To demonstrate concordance between SNP calls, paired sample analysis for the VP sample (reference) was plotted against the TAP sample (subject). Theta values range from 0 to 1 and represent the fraction of bases that are genotyped as the B allele. For example, 0 translates to homozygous reference (AA), 0.5 for heterozygous (AB) and 1 for homozygous variant (BB). The R value represents the fluorescence intensity of the probe on the array for a sample. The B allele frequency for a sample is interpolated from known B allele frequencies of 3 canonical clusters: 0, 0.5, 1. Therefore, theta and B allele frequency values generated from GenomeStudio for each SNP call was plotted to show concordance between the VP and TAP samples from each donor. These values should theoretically have the same R^2 to demonstrate fidelity. The normalized R values were plotted for each donor to show correlation of fluorescence between TAP and VP. Lastly, the genotype bins for the VP sample were numerically assessed against the B allele frequency for the TAP sample to show any variance of calls between samples and the “no call” rate.

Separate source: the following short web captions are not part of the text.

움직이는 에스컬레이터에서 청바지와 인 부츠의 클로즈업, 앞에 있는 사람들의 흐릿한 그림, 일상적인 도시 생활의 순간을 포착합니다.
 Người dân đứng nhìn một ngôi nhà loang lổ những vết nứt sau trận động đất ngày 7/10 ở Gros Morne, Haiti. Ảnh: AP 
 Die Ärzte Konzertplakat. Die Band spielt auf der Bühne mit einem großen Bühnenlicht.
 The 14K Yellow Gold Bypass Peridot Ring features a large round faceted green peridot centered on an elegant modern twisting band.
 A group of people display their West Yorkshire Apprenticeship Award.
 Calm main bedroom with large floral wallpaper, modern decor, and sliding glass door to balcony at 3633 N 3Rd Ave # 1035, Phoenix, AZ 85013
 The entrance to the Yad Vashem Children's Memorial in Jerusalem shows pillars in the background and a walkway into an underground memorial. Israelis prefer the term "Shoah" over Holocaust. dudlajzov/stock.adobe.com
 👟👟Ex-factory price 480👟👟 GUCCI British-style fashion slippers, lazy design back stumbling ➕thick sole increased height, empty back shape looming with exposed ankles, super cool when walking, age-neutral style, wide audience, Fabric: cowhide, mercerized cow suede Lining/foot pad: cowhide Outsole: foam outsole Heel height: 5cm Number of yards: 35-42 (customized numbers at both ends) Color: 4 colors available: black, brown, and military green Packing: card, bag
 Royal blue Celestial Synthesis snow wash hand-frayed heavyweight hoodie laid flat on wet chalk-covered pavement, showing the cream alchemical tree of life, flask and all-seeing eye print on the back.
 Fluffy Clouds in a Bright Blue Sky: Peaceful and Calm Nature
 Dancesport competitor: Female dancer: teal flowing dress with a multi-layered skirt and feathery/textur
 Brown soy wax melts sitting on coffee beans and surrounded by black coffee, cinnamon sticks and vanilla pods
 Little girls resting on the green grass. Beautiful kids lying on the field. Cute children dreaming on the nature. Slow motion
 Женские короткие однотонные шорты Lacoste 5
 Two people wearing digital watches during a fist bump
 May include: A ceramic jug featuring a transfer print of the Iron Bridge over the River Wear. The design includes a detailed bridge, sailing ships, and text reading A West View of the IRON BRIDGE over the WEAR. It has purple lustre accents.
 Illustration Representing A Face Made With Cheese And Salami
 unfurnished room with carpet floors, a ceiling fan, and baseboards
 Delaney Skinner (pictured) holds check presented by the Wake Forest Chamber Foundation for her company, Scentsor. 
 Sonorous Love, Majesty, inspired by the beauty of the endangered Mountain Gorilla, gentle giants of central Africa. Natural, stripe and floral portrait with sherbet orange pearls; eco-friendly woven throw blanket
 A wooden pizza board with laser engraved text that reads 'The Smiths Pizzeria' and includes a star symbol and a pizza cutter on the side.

Figure 2: Box plot to categorize genotype bins for the VP sample (reference/truth) vs. the TAP B allele frequency to demonstrate constricted inter-quartile ranges for AA, AB and BB genotypes. Numerical counts (total 850K+) and the no-call rate is shown for context.
Without initial pairing, a Manhattan clustering algorithm was run within GenomeStudio to automatically identify paired donor samples based on SNP concordant calls. All TAP+VP samples from respective donors were matched with 100% identity across >850K+ SNPs. A snapshot of a heatmap and the clustered dendrogram is presented to show pairing of samples and genotype concordance (B allele frequency) for each donor pair. The complete heat map can be expanded to all ~850K SNPs, whereby clustering within genes, chromosomes and panels are possible.
Figure 4: Example of heatmap showing all auto-clustered paired samples. One paired sample cluster (overarching yellow shade) showing matched color coordination of B allele frequencies (right y-axis) of SNP positions (left y-axis) between individual sample columns is highlighted for context.
Figure 5: Example of Y-chromosome ideogram mapped to SNP positions within the CytoSNP-850K microarray. Differences between male and female samples are shown.
CONCLUSIONS
Initial feasibility for the Illumina Infinium CytoSNP-850K microarray assay demonstrates good correlation of >850K SNP sites between TAP and VP samples. Specifically, the R^2 values for TAP and VP across all donors is >0.99, with 100% matching R^2 values for theta values vs. b allele frequencies between matrices. The genotype bins demonstrate very low IQR, with <0.3% no-call genotypes. Overall, the call rate across all samples is >99.6%, demonstrating good genotypic quality scores. Accessible and minimally invasive sampling with the TAP device can enable comprehensive genomic testing over more frequent timepoints for monitoring needs. Remote collections with TAP can enable access, throughput and disease monitoring for changes over time when coupled to global genomic-wide association assessment platforms such as the Illumina Infinium CytoSNP-850K microarray. The purpose of this study is to demonstrate technology and platform capability of the TAP device with the Illumina Infinium platform. Further evaluation of the TAP device could benefit from a larger sample size and comparisons to similar orthogonal assessments (for example, WES, WGS, low-pass sequencing and targeted sequencing). Future studies will explore the cytogenetic relevance of abnormal/disease vs. normal/reference populations. Additional considerations may include expansion of the microarray targets to more comprehensive SNP arrays (i.e. >2M SNP chips).